• _Data segment_:
□ □ □ □ □

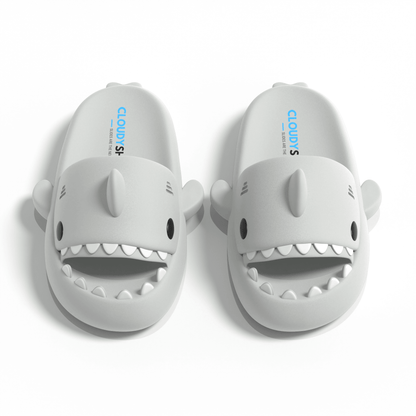 The Original Shark Slides - CloudySharks™ - India's First Shark Slides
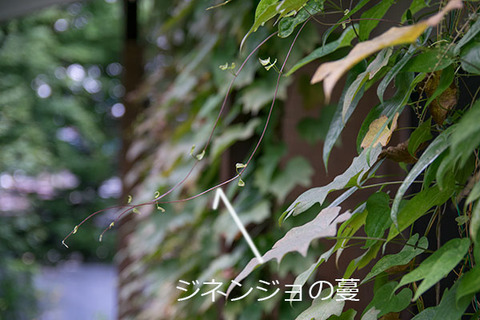 20160815midori02.jpg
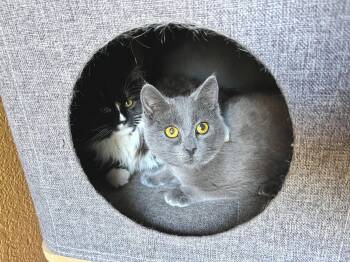 AMORE - Bonded with Amici -  Domestic Short Hair Cat for Adoption in Fremont, California - AMORE - Bonded With Amici | PetCurious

□ □ □ □ □

Nothing but the lines from the one holding "20160815midori02.jpg" through the last line of the listing should appear in the answer, copied exactly and without pictures.

• _Solution to this task_:
 20160815midori02.jpg
 AMORE - Bonded with Amici -  Domestic Short Hair Cat for Adoption in Fremont, California - AMORE - Bonded With Amici | PetCurious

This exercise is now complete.